Après la fugue de Nolwenn, je me suis dit que Faustine, nous ne pourrions jamais la convaincre de partir. J'ai été la première surprise, quand elle a haussé les sourcils et hoché la tête. Au petit sourire qu'elle a eu, je me suis même dit qu'elle avait l'air contente. Pour être honnête, j'ai peur de ce dont Faustine est capable. J'ai peur qu'elle nous cause des ennuis, une fois à l'Académie. J'espère qu'elle va se tenir à carreau. Nous avons emporté avec nous les fléchettes tranquillisantes. Mais au milieu de la foule d'Elthior, qui sait ce que Faustine pourrait avoir en tête. Qui sait si nous pourrions intervenir.

— J'espère qu'elle va bien se tenir...

— Qui donc ?

Je sursaute, une fois de plus. Luna vient d'apparaître dans mon dos. Bon sang, mais qu'elle arrête de me faire des frayeurs pareilles ! Cette fois aussi, Emmanuelle éclate de rire. Je baisse la tête, sentant mes joues virer au rouge.

Luna vient s'accouder à côté de moi.

— Cesse donc de te faire du mauvais sang, me dit-elle.
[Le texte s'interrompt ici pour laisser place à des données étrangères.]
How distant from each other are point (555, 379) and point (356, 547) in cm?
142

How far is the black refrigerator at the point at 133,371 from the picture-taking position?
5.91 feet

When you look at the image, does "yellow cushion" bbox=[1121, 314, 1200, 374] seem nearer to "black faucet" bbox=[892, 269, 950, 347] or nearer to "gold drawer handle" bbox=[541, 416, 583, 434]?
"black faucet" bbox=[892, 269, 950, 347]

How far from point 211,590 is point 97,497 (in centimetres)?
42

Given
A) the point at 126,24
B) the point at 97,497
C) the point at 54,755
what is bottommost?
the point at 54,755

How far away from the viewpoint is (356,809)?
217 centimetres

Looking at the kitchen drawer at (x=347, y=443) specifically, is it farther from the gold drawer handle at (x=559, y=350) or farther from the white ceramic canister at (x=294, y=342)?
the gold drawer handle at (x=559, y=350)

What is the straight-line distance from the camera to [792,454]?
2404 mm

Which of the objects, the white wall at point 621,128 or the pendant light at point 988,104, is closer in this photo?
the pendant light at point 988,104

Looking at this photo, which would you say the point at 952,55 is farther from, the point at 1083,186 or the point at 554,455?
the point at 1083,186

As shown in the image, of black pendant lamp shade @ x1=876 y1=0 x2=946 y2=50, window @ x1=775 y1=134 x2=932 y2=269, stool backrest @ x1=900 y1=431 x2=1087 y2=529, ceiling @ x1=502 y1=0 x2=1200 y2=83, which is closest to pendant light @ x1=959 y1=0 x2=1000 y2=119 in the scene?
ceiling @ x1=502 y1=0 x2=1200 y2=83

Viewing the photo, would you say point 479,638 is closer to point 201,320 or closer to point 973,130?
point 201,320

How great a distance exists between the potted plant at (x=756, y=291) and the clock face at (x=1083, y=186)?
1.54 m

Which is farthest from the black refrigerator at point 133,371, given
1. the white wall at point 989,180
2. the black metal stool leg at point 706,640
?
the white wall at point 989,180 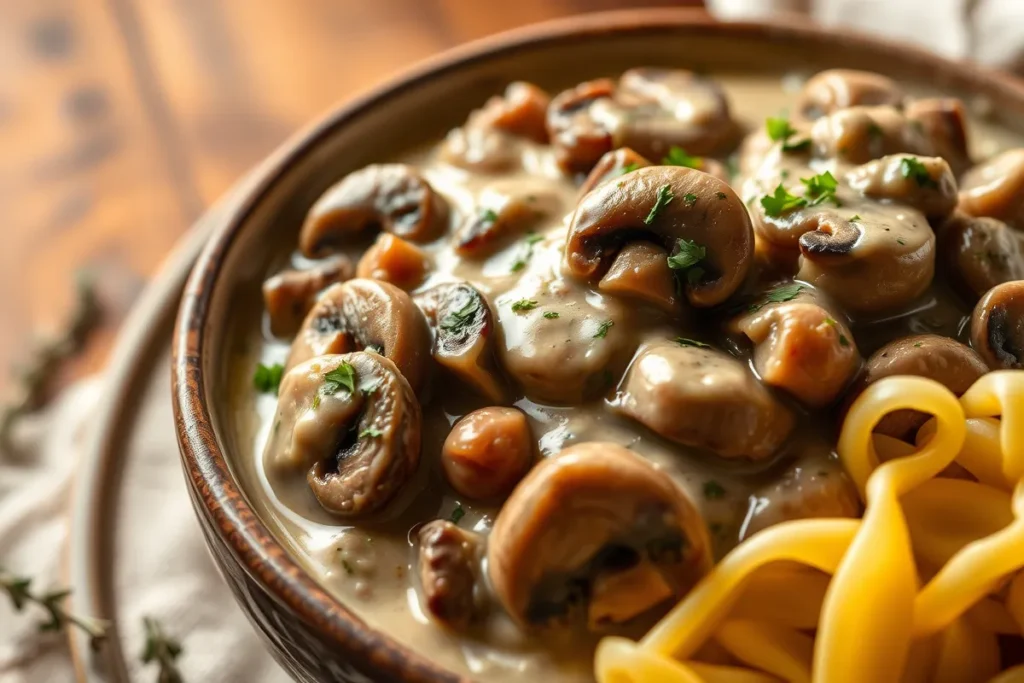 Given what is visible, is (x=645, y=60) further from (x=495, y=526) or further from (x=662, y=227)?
(x=495, y=526)

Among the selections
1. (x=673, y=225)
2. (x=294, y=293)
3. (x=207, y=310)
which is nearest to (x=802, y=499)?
(x=673, y=225)

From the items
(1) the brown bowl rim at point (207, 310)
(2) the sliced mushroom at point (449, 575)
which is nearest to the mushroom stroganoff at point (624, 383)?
(2) the sliced mushroom at point (449, 575)

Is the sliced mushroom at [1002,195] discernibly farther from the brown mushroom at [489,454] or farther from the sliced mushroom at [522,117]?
the brown mushroom at [489,454]

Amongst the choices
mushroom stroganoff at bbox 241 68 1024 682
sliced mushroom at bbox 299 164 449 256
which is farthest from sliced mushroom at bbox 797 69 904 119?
sliced mushroom at bbox 299 164 449 256

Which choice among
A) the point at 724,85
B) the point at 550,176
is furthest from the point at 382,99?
the point at 724,85

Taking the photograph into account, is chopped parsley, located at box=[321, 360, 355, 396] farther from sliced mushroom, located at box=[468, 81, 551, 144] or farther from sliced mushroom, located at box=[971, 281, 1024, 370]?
sliced mushroom, located at box=[971, 281, 1024, 370]

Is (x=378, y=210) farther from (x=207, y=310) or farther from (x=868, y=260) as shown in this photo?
(x=868, y=260)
— Hmm. Je vous préviens, si Faustine pète un câble à l'Académie, moi, je ne la connais plus !

— Allons, pourquoi veux-tu que ça arrive ?

Je me tourne vers Luna et la regarde avec insistance.
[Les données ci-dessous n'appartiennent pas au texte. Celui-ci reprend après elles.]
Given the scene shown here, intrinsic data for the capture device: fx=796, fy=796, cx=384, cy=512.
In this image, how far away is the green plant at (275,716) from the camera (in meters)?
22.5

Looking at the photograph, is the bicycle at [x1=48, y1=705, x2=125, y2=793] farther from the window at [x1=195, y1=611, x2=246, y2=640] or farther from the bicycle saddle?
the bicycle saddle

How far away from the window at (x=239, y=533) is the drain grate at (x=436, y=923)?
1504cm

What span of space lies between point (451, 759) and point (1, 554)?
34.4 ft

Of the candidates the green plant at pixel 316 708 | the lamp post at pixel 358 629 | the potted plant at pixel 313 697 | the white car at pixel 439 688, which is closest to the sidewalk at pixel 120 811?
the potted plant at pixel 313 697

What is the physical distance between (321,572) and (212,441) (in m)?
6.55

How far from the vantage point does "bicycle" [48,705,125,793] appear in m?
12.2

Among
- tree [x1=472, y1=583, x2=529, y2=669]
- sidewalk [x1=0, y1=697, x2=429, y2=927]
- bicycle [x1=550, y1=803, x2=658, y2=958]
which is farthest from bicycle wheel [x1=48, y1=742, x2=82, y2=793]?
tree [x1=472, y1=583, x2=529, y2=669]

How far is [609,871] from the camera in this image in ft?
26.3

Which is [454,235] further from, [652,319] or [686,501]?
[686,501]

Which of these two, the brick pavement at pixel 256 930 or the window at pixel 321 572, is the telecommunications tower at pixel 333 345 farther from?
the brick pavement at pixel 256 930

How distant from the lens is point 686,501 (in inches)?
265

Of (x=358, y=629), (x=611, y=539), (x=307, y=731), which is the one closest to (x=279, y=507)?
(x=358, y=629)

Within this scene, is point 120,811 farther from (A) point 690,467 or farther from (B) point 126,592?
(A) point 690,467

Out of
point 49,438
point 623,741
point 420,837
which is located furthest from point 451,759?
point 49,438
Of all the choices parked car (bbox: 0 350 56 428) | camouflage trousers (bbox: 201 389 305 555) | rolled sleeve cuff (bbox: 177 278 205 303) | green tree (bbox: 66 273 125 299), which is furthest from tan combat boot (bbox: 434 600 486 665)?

— Tu ne viens pas sérieusement de me poser cette question ?

Emmanuelle et elle éclatent de rire. Pourquoi j'ai l'impression d'avoir encore loupé un épisode ? Je me sens toujours stupide, entre elles deux.

— De toute façon, Luna, s'il arrive quelque chose, je te tiendrai pour responsable.

— Pourquoi moi ?

— C'est toi qui n'étais pas d'accord pour faire placer Faustine.

— Roxie marque un point, reconnaît Emmanuelle.

— Très bien, tranche Luna, j'endosse la responsabilité de tout ce que fera Faustine.

Garder un calme et une confiance comme la sienne en prenant cette décision ; je dois dire que j'ai de l'admiration pour Luna. Et en même temps, je la trouve stupide. Si elle passe sa vie à porter sur ses épaules les erreurs des autres, elle ne sera jamais heureuse, n'est-ce pas ? Je lui ferais bien remarquer, si je n'avais pas peur qu'elle me trouve simple d'esprit.

— Dites, si un jour je deviens riche, célèbre et plus comblée que vous toutes, vous ne m'en voudrez pas, les filles ?

Toutes les deux se mettent à glousser. Je savais que ça aurait cet effet. Je suis plutôt contente de moi.

— Je suppose que je serai un peu envieuse, reconnaît Luna, mais je ne t'en voudrai pas.

— Au contraire, m'assure Emma, on sera contentes pour toi !

Leur réaction me touche, mais je dois le leur dire. Je dois être honnête envers elles.

— Vous savez, si un jour je dois tout laisser derrière pour réaliser mon rêve, vous y compris, c'est peut-être égoïste, mais...

— Non, me coupe Luna. N'en dis pas plus. On ne t'en voudra pas, tu sais. Tu auras fait ton choix, en ton âme et conscience, voilà tout. Si c'est ça le bonheur pour toi, alors ne laisse rien te retenir, même pas nous. Et si tu réalises que tu t'es trompée de voie, on sera encore là pour te tendre la main. Pas vrai, Emma ?

Emmanuelle hoche la tête. Je me demande quand la conversation a pris un tournant aussi sérieux. J'aurais peut-être dû me taire. J'ai toujours du mal à savoir, avec Luna, à quel point elle est sincère, mais je pense qu'elle se soucie réellement de nous. J'en ai la certitude. Moi, je n'ai jamais su donner beaucoup aux autres, à moins d'obtenir quelque chose en retour. Je me demande bien ce que j'apporte à Luna. Elle poursuit :

— On est tous égoïstes, à notre façon. C'est humain. On recherche tous une forme de bonheur, une forme de paix. On poursuit des rêves et des idéaux. On a besoin d'être égoïste pour vivre dans ce monde-ci. Mais personne n'est rien que cela, un égoïste, pas vrai ? Tu m'as beaucoup impressionnée, hier, Roxane. Je t'ai trouvée futée. J'ai apprécié que tu partages avec nous ton petit secret. En ce qui me concerne, j'aurais probablement gardé ce genre de choses pour moi.

Moi aussi, j'aurais préféré garder tout ça pour moi. J'aurais aussi probablement apprécié qu'on ne remette pas cette histoire sur le tapis.